HDP PKK'NIN DIŞINDA BİR ŞEY SÖYLEMİYOR

HDP zaten PKK'nın dışında söylediği bir şeyi söylemiyor zaten. Seçim bildirgesine bakarsınız HDP'nin söylediklerinin hepsi PKK'nın baştan beri tarif ettiği konfederal yapıya ilişkin olan taleplerdir.
HDP’yi dağdaki militanlardan, Kandil’deki varlıktan; Suriye'deki PKK varlığından Öcalan'dan ayırıp konuşabilmek mümkün değil. O yüzden seçimden sonra siyasetin sadece seçim sonuçlarına göre değil HDP'nin belkide bir anlamda çok da müdahil olamayacağı PKK'nın belirleyeceği bir strateji istikametine gideceğini beklemek mümkün diye düşünüyorum.

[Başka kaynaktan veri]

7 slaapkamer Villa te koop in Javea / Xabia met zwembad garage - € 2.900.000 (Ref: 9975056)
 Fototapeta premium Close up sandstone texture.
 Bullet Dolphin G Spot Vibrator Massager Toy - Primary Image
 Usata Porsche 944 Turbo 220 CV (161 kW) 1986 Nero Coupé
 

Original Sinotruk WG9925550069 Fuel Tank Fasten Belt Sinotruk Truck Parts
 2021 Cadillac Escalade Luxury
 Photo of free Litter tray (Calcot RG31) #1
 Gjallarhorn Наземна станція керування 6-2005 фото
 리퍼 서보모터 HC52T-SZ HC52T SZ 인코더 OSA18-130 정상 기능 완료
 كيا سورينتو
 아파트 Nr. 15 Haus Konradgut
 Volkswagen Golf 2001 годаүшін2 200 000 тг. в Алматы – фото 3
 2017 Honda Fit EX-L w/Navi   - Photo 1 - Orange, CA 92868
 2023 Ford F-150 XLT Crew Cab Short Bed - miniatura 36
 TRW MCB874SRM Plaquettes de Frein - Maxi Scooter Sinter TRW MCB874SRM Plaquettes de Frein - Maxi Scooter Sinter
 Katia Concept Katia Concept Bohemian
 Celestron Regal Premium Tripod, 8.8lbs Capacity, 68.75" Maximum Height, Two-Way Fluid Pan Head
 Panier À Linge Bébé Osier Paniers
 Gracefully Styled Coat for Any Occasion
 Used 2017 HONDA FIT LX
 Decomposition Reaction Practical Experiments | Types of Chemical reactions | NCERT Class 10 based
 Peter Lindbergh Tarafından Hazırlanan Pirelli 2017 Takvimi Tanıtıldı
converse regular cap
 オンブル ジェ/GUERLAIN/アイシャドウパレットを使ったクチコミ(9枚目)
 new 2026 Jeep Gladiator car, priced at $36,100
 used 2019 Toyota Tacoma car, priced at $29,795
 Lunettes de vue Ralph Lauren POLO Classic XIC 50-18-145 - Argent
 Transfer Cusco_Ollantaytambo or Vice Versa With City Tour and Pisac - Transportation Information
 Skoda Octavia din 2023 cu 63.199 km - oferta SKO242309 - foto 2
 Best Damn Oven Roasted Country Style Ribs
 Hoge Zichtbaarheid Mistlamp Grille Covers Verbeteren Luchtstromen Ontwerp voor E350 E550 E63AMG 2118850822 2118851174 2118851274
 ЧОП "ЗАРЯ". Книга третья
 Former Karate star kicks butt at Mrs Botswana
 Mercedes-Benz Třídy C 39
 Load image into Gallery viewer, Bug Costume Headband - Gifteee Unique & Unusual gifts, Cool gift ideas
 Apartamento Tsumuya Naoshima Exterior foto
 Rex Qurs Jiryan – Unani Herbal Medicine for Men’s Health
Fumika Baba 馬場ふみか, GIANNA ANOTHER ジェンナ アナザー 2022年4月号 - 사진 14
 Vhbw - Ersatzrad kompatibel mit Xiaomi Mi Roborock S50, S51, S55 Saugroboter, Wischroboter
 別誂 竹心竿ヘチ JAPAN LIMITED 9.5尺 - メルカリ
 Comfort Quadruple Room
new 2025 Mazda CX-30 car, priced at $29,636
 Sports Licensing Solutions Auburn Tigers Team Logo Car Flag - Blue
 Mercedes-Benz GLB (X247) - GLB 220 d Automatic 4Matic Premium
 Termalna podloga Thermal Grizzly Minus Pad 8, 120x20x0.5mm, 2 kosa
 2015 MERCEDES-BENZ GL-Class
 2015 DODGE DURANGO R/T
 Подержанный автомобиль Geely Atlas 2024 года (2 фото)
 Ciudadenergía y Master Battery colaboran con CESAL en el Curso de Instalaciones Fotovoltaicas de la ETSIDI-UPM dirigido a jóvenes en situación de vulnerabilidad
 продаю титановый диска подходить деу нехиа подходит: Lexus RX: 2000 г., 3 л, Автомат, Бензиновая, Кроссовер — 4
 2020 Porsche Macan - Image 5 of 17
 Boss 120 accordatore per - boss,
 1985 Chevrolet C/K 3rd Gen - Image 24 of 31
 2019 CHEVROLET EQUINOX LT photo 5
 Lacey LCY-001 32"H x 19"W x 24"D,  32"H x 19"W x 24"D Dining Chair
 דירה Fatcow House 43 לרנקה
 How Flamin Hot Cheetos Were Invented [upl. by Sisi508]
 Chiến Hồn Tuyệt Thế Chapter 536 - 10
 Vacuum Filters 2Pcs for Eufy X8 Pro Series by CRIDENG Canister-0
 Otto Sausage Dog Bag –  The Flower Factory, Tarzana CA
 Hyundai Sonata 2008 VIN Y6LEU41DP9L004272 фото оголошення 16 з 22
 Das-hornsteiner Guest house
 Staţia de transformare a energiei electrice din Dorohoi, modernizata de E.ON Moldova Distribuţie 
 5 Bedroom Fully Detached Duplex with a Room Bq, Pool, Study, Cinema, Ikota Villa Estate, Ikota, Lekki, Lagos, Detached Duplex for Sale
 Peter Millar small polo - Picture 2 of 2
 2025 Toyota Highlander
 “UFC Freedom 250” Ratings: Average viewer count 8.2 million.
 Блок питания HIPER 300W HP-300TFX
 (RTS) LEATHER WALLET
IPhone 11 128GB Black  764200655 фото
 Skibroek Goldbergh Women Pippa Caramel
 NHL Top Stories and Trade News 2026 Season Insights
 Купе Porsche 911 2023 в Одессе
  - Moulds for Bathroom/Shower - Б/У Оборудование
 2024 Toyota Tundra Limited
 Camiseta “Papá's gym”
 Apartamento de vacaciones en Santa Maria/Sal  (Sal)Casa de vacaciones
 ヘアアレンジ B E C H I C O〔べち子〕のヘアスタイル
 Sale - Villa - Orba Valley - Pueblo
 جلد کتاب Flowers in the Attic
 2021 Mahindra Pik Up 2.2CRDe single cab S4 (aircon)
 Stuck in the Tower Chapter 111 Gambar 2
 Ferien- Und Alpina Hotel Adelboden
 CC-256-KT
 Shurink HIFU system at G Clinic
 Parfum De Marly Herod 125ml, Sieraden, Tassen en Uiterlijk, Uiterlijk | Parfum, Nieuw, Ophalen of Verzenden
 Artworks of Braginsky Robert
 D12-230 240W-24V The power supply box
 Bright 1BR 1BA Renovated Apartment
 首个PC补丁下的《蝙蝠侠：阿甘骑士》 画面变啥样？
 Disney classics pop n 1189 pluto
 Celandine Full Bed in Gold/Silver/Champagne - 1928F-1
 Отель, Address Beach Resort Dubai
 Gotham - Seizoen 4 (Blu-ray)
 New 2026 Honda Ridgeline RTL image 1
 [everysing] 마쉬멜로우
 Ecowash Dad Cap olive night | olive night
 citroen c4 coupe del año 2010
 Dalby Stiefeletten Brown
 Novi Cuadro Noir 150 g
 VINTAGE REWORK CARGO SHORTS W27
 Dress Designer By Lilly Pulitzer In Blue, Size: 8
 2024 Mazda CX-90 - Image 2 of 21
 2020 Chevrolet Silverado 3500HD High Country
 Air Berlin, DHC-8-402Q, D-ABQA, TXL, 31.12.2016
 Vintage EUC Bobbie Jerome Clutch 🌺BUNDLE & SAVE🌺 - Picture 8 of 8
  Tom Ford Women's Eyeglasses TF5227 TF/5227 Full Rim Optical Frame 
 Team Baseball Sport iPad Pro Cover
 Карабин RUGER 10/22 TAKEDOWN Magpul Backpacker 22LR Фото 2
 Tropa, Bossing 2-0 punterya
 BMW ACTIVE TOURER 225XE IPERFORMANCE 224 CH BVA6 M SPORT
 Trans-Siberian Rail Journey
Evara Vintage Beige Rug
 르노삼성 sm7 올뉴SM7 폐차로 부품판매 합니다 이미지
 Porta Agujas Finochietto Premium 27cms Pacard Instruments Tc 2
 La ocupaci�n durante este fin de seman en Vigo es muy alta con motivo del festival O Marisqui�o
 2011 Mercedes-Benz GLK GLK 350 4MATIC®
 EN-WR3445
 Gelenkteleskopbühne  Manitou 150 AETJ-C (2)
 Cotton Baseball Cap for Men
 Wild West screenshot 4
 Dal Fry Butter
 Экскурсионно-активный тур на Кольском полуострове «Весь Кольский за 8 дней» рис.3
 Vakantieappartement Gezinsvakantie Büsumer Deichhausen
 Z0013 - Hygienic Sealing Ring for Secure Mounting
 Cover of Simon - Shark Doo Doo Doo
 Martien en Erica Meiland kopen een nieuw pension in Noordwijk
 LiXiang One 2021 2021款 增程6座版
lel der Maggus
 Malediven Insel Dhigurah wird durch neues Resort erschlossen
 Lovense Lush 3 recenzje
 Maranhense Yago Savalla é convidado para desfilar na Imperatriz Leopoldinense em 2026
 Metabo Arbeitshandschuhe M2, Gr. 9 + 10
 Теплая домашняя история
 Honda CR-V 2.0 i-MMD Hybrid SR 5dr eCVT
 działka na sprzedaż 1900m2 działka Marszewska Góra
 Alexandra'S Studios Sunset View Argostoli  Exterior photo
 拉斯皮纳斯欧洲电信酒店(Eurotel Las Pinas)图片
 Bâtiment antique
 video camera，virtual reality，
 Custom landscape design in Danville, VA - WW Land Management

PKK İÇİN BARAJ ÖNEMLİ DEĞİL!

HDP'de çalışan insanlar için bireysel olarak aday olan yada siyaset yapanlar için başarılı yada başarısızlık önemli olabilir, ama PKK açısından bakarsanız yani bu işin asıl yüklenicisi üzerinden bakarsınız onlar için çok önemli değil. Bu bir taktik bir mesele. Çünkü onun başka bir stratejisi, o stratejide seçime verdiği farklı bir mana var. Hiç önemli değil; HDP isterse 9.8 alsın ya da 10.2 alsın onun için sadece farklı olan şu: Meclis'e girmiş bir HDP uzun erimli PKK stratejisinin daha uygun bir aracı, elementidir.

Ama bu durum diğer partiler için önemli çünkü onlar siyaset yapmanın ana zemini olarak parlamentoyu gördükleri için parlamento kompozisyonu bunları etkileyecektir. AK Parti bu seçimden tek başına yada anayasayı değiştirecek kadar çoğunlukta gelirse kendisi açısından bu mesele sürdürülebilir bir konu; yani yönetilebilir müzakere edilebilir bir konu. Tek başına gelemezse o zaman meselenin sahipleri de farklılaşacak; çünkü öyle bir meseleyi yönetecek hükümetin nasıl kurulacağı, kompozisyonun nasıl olacağını tartışacağız.

Bu artık bu sistemi temelden zorlayan bir aşamaya gelmiş olan Kürt meselesi ile de yüzleşme anlamına geliyor, kim iktidara gelirse gelsin yada hangi kompozisyon gelirse gelsin.

AK PARTİ VE CHP AYNI ÇİZGİDE BULUŞABİLİR!

AK Parti, CHP Kürt meselesinde aynı çizgide buluşmaları en kolay olan iki parti. Ama burada ideolojik olarak temelde bir sorun var AK Parti açısından o da şu AK Parti gibi kimlik tanımlamasını din, mezhep üzerinden yapan bir parti etnik bir meseleyi tartışmaya başladığında aslında her attığı adım kendi aleyhine. Çünkü masanın bir tarafında etnik bir grup oturursa; öbür tarafında oturanlar toplumun çoğunluğunu oluşturan diğer etnik gruptur. Yani siz Kürtleri; onların istediği gibi formüle ettiğinizde masanın öbür tarafına oturanlar Müslüman olmaz. Masanın öbür tarafındaki Türkler olur. Şimdi bu da AK Parti'nin kapsayıcı olarak ortaya çıkardığı şemsiye kimlik olan din ve meshep veya din konusunda AK Parti için yeni bir krizin başlangıcı demek.